**** Data segment

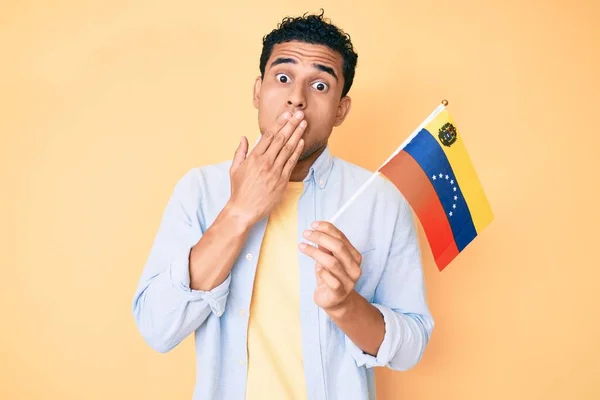 Νεαρός Όμορφος Ισπανός Που Κρατάει Σημαία Της Βενεζουέλας Καλύπτοντας Στόμα — Φωτογραφία Αρχείου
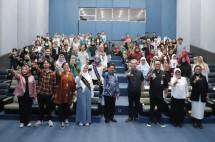 Kepala Perpusnas bersama Wakil Wali Kota Bogor di kegiatan PILM Kota Bogor.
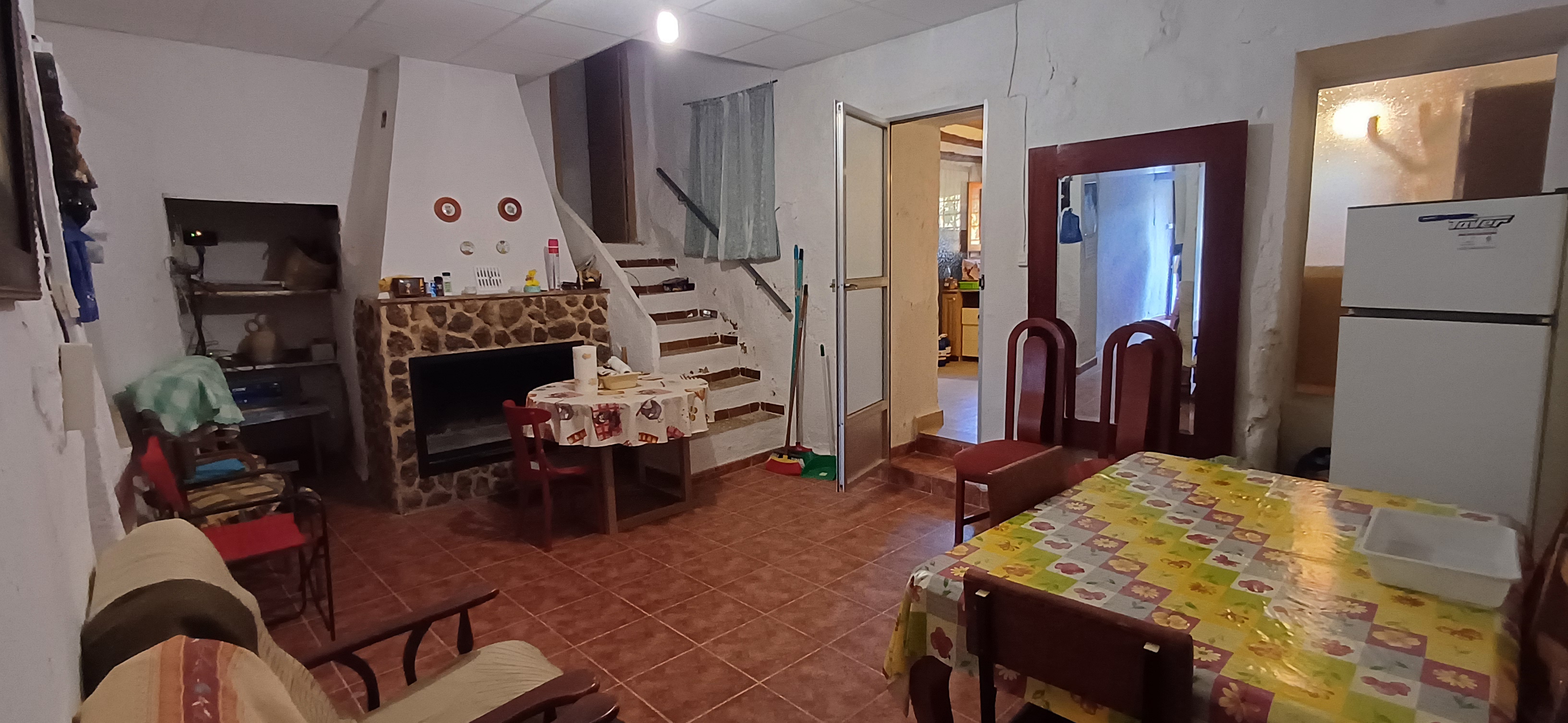 CASA DE CAMPO ADOSADA CON 2 COCHERAS CERRADAS INDEPENDIENTES Y EN YECLA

********

• **What is being asked**
Starting at the line that contains "Kepala Perpusnas bersama", extract each line through the last line of the material exactly as written, and include no pictures.

• **Exercise response**
 Kepala Perpusnas bersama Wakil Wali Kota Bogor di kegiatan PILM Kota Bogor.
 CASA DE CAMPO ADOSADA CON 2 COCHERAS CERRADAS INDEPENDIENTES Y EN YECLA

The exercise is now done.